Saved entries
────────────────────

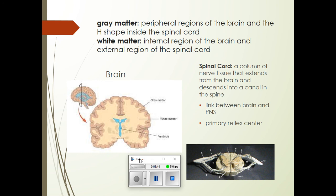Your spinal cord is a column of nerve tissue that extends from your brain and descends into a canal in the spine — from your brain all the way down to the end of your spine. It's the link between your brain and your peripheral nervous system. And like we already saw, it is your primary reflex center. This is where reflexes go. Your brain is involved in lots of other things, but the reflex itself travels through the spinal cord. And then your brain becomes involved, which is why you yell or have a perception of pain when you touch something hot.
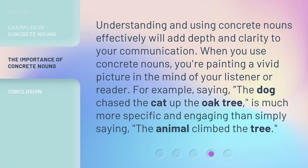Understanding and using concrete nouns effectively will add depth and clarity to your communication. When you use concrete nouns, you're painting a vivid picture in the mind of your listener or reader. For example, saying 'the dog chased the cat up the oak tree' is much more specific and engaging than simply saying 'the animal climbed the tree.'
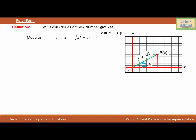Angle theta is also known as the argument of the complex number — we also call it the amplitude of complex number Z. Looking at this right triangle, the coordinate of point P is the ordered pair (X, Y). Using trigonometry, we can write X = R cosine theta (equation 1) and Y = R sine theta (equation 2).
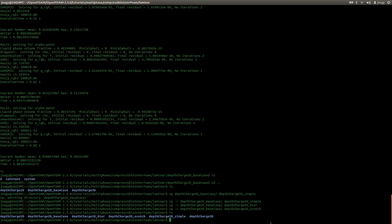Hello everyone. This is József Noc here and welcome back to the second part of the tutorial where I'm talking about parallelization. In the first part I was talking about parallelization and decomposition methods in OpenFOAM and I set up the base case. Now I'm going to start with the parallelization.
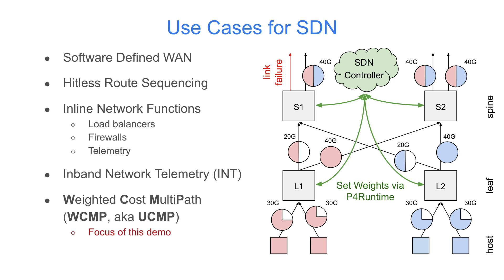The WCMP application runs on the SDN controller and is able to optimally set weights for the next hop groups in the network fabric. Under normal balanced circumstances, equal cost multipath or ECMP works fine, but WCMP shines when the fabric is unbalanced and asymmetric.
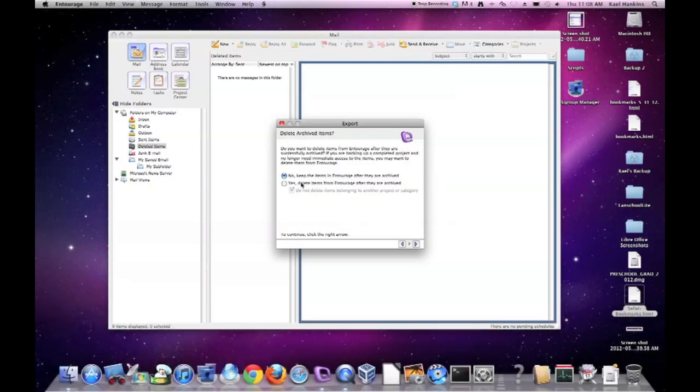And say no. Keep the items in Entourage after they are archived. Click the right arrow again.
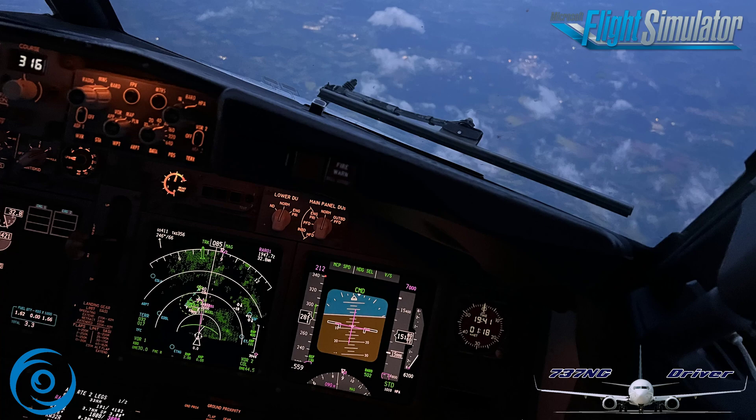Hello everyone and welcome to today's video. I'm Emmanuel, I'm a Boeing 737 pilot, and welcome to my new series about memory items for the Boeing 737 Next Generation aircraft. Note that this series is not designed as a training tool for real aviation, but simply as an aid to flight simmers using the PMDG 737 or other 737 simulations in the various flight simulators for desktop purposes.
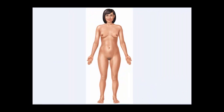Here we have a diagram of someone standing in what is called anatomical position. Anatomical position is a standard phrase that describes a person standing fully erect, their palms are facing forward, their feet are facing forward, and anything referred to as a directional term is referring to somebody standing in anatomical position.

────────────────────

Begin at the first line of the entries and stop after the line holding "Hello everyone. This"; repeat those lines exactly, but not the pictures.

Your spinal cord is a column of nerve tissue that extends from your brain and descends into a canal in the spine — from your brain all the way down to the end of your spine. It's the link between your brain and your peripheral nervous system. And like we already saw, it is your primary reflex center. This is where reflexes go. Your brain is involved in lots of other things, but the reflex itself travels through the spinal cord. And then your brain becomes involved, which is why you yell or have a perception of pain when you touch something hot.
Understanding and using concrete nouns effectively will add depth and clarity to your communication. When you use concrete nouns, you're painting a vivid picture in the mind of your listener or reader. For example, saying 'the dog chased the cat up the oak tree' is much more specific and engaging than simply saying 'the animal climbed the tree.'
Angle theta is also known as the argument of the complex number — we also call it the amplitude of complex number Z. Looking at this right triangle, the coordinate of point P is the ordered pair (X, Y). Using trigonometry, we can write X = R cosine theta (equation 1) and Y = R sine theta (equation 2).
Hello everyone. This is József Noc here and welcome back to the second part of the tutorial where I'm talking about parallelization. In the first part I was talking about parallelization and decomposition methods in OpenFOAM and I set up the base case. Now I'm going to start with the parallelization.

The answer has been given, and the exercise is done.